*Exercise brief:*
Of all the entries below, only the lines from the one with "エプロンを着て料理をする男性" up to and including the one with "a bathroom with" are to be duplicated exactly.

*Given entries:*
• • •
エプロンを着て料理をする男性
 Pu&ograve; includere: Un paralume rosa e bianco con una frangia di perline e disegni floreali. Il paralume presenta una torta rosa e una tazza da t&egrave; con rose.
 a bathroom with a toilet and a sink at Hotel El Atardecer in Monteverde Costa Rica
• • •
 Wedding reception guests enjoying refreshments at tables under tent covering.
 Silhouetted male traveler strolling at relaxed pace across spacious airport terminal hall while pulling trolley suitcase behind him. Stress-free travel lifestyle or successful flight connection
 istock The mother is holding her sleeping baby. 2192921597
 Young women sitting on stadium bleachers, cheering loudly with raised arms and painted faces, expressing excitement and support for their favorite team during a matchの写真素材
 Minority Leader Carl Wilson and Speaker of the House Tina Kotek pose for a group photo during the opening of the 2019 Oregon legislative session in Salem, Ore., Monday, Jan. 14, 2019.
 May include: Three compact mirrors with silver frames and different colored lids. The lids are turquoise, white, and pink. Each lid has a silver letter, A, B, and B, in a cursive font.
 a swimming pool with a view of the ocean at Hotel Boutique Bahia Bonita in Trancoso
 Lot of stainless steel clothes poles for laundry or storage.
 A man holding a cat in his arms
• • •
*Result below:*
エプロンを着て料理をする男性
 Pu&ograve; includere: Un paralume rosa e bianco con una frangia di perline e disegni floreali. Il paralume presenta una torta rosa e una tazza da t&egrave; con rose.
 a bathroom with a toilet and a sink at Hotel El Atardecer in Monteverde Costa Rica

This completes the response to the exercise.